With this lab you were tasked with configuring switches as both layer 2 and layer 3, the access switches will utilize only their layer 2 features including their ability to handle a VoIP phone and a PC on the same switch port while their distribution counterparts will use both their layer 2 and layer 3 features and act as gateways for the attached PCs and VoIP phones.
Access Switch Configuration
To begin the discussion first consider access switch Access1. Access1 has three different interfaces, two of will be access ports that each connect to a phone and PC. The third interface will be a trunk port that connects back to the Dist1 switch. (Note that switch Access2 has the same basic requirements, just with different VLANs.)
Still focusing on switch Access1, to create the three VLANs use the vlan 10, vlan 20 and vlan 100 commands. (Alternately, create all three at once using the vlan 10,20,100 command as shown in Example 3.)
Next, still on Access1, you need to configure both the data and voice VLAN on ports G0/2 and G0/3. On G0/2, with its data VLAN 10, configure the switchport access vlan 10 to define the data VLAN, and then the switchport voice vlan 100 command to define the voice VLAN used by the phone. Similarly, on port G0/3, configure VLAN 20 as the data VLAN with the switchport access vlan 20 command, and that same voice VLAN with the switchport voice vlan 100 command.
Finally, even still on switch Access1, configure interface GigabitEthernet 0/1 as a trunk. To do that, use the switchport mode trunk command.
Switch Access2 needs the same configuration details, just with different VLAN numbers; refer to Example 4 for details.
Distribution Switch Configuration
The distribution switch configuration is a bit more complex as it uses trunks, access ports and layer 3 VLAN interfaces.

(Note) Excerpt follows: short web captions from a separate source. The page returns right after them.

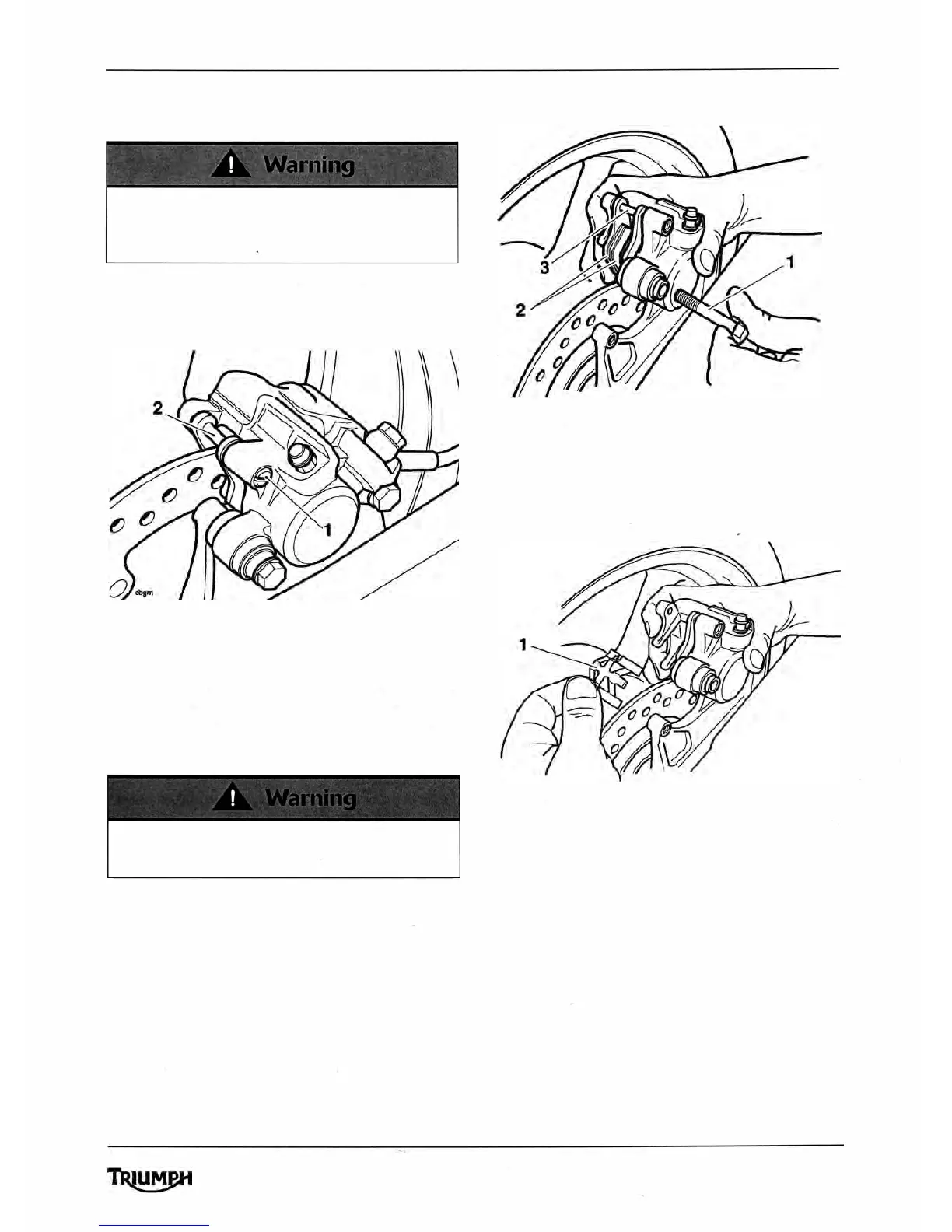 Page #379 background image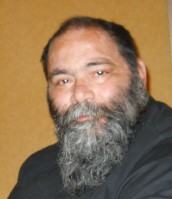 DSCN3200.JPG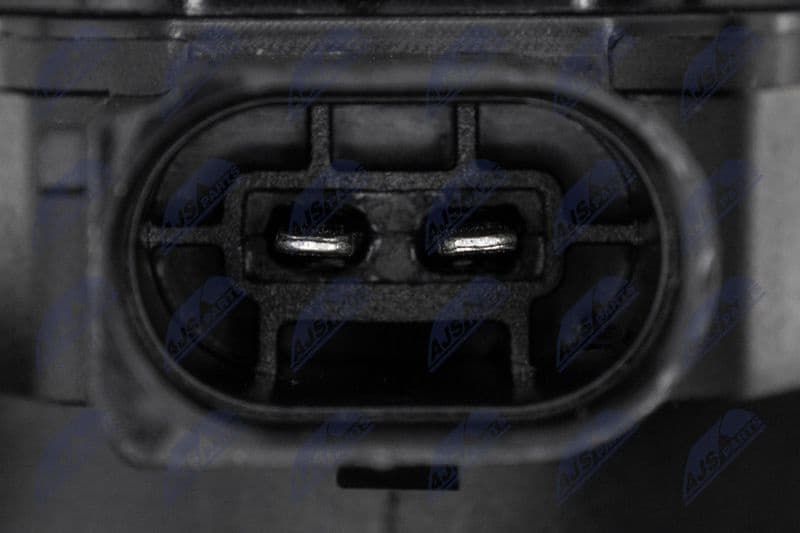 Brake Caliper HZT-HD-042 - image 3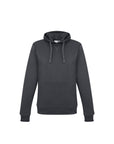 Biz Collection Ladies Crew Hoodie (SW760L)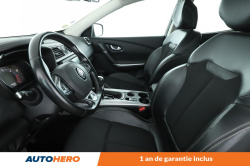 Annonce 486443366/MZ93086 picto5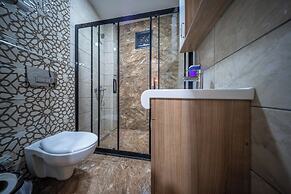 Laos Otel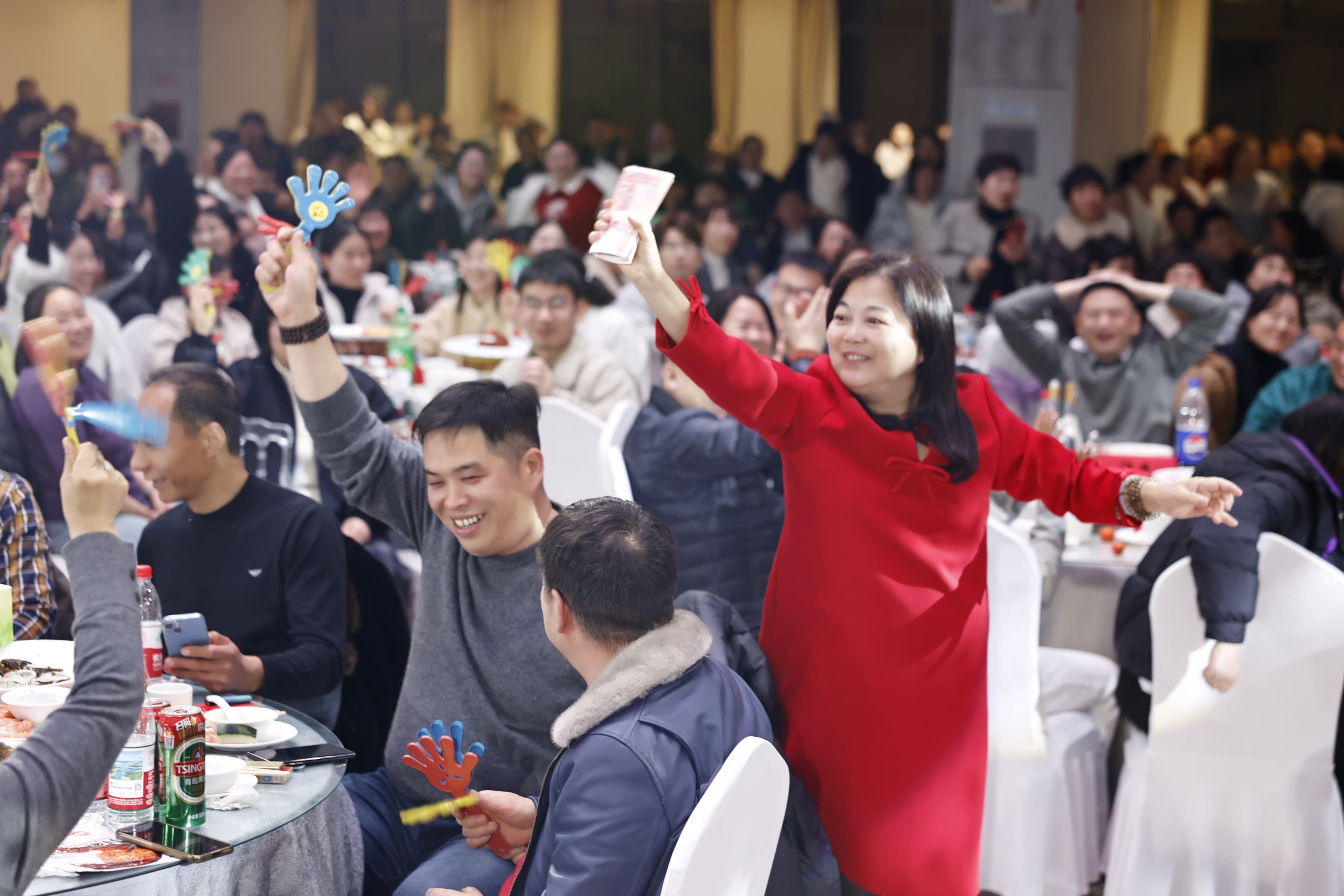 1773282550932412.jpg 现场1.JPG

First, just sit back and think about the VLANs that the two distribution switches must configure. First, assuming that VTP transparent mode is used, the VLANs must be configured on each switch (that is, they will not be learned with VTP). Each distribution switch must know of VLAN 500, used on the access link between the two distribution switches. Then each distribution switches must know about the access VLANs used on the connected access switch, but not the opposite access switch. Table 1 lists the VLANs that each distribution switch must know and for which each switch will need a VLAN interface so it can route packets for the subnets on those VLANs.
| VLAN | Purpose | Subnet is Routed by Dist1? | Subnet is Routed by Dist2? |
| 10 | Data VLAN on Access1 | Yes | No |
| 20 | Data VLAN on Access1 | Yes | No |
| 100 | Voice VLAN on Access1 | Yes | No |
| 30 | Data VLAN on Access2 | No | Yes |
| 40 | Data VLAN on Access2 | No | Yes |
| 200 | Voice VLAN on Access2 | No | Yes |
| 500 | Link between Dist1 and Dist2 | Yes | Yes |
Table 1: VLANs and VLAN Interfaces that Dist1 and Dist2 Need to Support
The table spells out the details of the vlan and interface vlan command that both Dist1 and Dist2 need to configure and support. Both will need to configure four VLANs, as follows:
- Dist1: vlan 10, vlan 20, vlan 100 and vlan 500 commands
- Dist2: vlan 30, vlan 40, vlan 200 and vlan 500 commands
Additionally, each distribution switch needs a matching interface vlan vlan-id command. Then for each VLAN interface (four on each switch in this case), configure an IP address per the figure (for instance, ip address 172.16.1.1 255.255.255.192), and enable the interface (no shutdown). Examples 1 and 2 show those details.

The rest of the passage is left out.